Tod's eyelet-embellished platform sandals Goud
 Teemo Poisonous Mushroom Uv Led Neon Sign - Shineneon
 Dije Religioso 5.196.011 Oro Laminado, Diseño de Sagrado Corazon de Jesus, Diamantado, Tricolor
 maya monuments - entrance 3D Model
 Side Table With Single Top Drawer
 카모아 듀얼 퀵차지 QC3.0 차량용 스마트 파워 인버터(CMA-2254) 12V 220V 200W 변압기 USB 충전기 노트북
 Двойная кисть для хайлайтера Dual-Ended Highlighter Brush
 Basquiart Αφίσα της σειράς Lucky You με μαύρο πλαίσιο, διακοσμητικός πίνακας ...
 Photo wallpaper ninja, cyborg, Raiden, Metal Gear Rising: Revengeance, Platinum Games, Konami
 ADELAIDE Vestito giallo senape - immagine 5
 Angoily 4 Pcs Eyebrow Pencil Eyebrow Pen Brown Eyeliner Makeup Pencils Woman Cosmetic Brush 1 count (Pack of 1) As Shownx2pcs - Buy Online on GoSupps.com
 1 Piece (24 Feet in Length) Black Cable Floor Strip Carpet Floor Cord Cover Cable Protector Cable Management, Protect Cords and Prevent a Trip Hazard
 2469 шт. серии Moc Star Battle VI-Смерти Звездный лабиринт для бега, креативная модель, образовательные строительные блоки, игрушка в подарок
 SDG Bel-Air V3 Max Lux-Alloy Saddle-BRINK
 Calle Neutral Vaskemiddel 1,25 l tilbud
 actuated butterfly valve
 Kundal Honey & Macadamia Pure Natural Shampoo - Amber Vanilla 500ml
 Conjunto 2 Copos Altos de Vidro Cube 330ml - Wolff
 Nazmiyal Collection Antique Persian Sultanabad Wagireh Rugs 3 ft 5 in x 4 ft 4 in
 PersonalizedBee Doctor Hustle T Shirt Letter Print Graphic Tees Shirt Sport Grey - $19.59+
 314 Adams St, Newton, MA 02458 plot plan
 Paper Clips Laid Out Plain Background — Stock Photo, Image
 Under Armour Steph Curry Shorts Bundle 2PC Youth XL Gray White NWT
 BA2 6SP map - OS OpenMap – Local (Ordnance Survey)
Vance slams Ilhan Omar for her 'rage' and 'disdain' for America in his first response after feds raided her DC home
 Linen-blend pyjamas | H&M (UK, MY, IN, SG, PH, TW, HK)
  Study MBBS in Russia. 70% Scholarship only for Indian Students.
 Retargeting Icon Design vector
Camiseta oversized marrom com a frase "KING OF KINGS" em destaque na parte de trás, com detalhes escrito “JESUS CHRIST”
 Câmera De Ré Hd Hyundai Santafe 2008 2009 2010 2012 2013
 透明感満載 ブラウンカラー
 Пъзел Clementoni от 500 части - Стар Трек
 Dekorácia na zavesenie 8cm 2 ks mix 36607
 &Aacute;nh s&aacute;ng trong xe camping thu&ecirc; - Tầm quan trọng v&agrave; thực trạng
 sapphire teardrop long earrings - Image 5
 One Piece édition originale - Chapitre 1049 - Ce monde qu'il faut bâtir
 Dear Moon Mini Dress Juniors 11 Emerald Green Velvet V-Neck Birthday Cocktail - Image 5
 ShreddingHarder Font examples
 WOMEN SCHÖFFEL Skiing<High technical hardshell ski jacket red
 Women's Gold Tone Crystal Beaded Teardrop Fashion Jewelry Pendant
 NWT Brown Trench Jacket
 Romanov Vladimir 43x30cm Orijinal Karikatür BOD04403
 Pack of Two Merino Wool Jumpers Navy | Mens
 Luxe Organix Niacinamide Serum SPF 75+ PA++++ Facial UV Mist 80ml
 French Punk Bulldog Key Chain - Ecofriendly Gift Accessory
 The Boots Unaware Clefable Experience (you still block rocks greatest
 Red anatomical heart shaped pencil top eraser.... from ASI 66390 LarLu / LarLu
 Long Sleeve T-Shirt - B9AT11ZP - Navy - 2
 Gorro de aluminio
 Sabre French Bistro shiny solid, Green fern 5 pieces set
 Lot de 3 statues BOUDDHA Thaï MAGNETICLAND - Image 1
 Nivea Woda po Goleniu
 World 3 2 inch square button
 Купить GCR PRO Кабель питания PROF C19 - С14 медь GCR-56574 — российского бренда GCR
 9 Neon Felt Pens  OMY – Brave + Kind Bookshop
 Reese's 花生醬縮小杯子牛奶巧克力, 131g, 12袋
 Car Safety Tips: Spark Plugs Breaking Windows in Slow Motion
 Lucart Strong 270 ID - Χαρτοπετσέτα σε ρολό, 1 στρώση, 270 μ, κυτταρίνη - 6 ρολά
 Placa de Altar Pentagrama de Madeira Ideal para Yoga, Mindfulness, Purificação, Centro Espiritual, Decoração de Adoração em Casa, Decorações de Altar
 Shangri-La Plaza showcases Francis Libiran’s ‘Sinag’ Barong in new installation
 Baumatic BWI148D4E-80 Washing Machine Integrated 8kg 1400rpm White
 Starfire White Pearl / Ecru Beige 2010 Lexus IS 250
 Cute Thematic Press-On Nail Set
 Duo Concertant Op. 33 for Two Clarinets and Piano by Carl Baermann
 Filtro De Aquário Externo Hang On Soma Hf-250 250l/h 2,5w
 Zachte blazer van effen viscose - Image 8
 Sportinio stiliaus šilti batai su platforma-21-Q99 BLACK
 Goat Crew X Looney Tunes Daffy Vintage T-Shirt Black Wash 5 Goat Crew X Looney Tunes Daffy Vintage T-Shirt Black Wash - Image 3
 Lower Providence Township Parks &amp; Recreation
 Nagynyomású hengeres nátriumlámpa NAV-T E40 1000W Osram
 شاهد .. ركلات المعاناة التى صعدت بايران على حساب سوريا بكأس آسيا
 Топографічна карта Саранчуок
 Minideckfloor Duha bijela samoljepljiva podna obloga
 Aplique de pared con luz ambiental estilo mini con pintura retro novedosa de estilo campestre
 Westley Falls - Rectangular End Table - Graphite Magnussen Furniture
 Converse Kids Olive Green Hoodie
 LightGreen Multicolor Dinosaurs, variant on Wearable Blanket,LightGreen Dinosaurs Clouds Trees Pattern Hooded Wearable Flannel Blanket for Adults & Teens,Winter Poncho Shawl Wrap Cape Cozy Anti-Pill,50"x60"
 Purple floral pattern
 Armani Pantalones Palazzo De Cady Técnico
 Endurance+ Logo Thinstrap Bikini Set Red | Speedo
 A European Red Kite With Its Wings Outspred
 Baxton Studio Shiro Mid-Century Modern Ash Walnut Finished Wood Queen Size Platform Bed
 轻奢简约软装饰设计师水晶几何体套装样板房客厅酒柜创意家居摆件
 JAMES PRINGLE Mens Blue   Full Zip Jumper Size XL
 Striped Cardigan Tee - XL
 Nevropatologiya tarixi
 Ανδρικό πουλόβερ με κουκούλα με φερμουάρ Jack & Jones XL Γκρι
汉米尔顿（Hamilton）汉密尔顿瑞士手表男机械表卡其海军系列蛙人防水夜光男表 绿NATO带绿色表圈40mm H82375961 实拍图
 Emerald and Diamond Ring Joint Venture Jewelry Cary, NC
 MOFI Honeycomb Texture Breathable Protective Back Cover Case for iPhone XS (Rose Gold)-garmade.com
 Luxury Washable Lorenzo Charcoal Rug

******

• _Brief_
Give back exactly the lines above starting at the line where "v&agrave; thực trạng" appears and ending at the line where "ShreddingHarder Font examples" appears, both included, with no other lines.

• _Result_
 &Aacute;nh s&aacute;ng trong xe camping thu&ecirc; - Tầm quan trọng v&agrave; thực trạng
 sapphire teardrop long earrings - Image 5
 One Piece édition originale - Chapitre 1049 - Ce monde qu'il faut bâtir
 Dear Moon Mini Dress Juniors 11 Emerald Green Velvet V-Neck Birthday Cocktail - Image 5
 ShreddingHarder Font examples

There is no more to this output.